Three breaths in, I felt the tickle of tiny legs moving on my right forearm. The tickle sent a jolt of sensation down my right leg and triggered an urge to brush off whatever it was; it is amazing how the pressure exerted by the weight of a tiny insect (or an arachnid!) can, in a fraction of a second, sight unseen, make your arm move just so to brush it off of a specific part of your body. I noticed the reflex’s waves in me. Another breath. I sat still. “Let’s see how this plays out.” floated through my mind. I was hoping it was an ant but was afraid to look down and find a spider. Whatever it was walked up my right arm and down my left arm, sending jolts down my left leg. I found the symmetry interesting. When it strolled up my neck and on my face, I felt my fingers and arms tense. When I noticed that, I let them soften. The creature revealed herself as an ant, to my relief, when she emerged on the upper rim of my glasses. Having resumed her beagle-like ways, she paced back and forth several times, a fingertip away from my eye, out of focus. She crawled down my left cheek — no jolts this time — and peeked around my left nostril. Around breath number 43, she vanished.

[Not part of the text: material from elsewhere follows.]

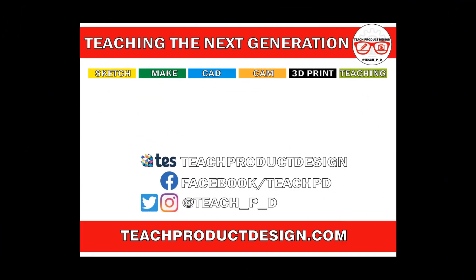Thanks for watching and if you found this content helpful please click like and subscribe and also check out any other resources and videos created using the links in the description I'll see you on the next one.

Letting the ant explore was an opportunity for me to explore, too. There was no shortage of aversion to the ant crawling on me. As I sat through it, though, I realized that much of the aversion was associated with the loud tickling sensations on the surface of my skin and the jolts that traveled down my arms and legs. I wanted those sensations to stop more than anything. As I sat with the unpleasant physical sensations, I found that the idea of the ant crawling on me, separated from the sensations, wasn’t that aversive. The beauty of the situation revealed itself. There we were, two animals comprised mostly of water, breathing air, burning carbs and fat. We were kindred spirits in a way, both explorers, both elements of nature, gaining knowledge of our situations which we will share with our respective communities. We are two different forms of the same thing.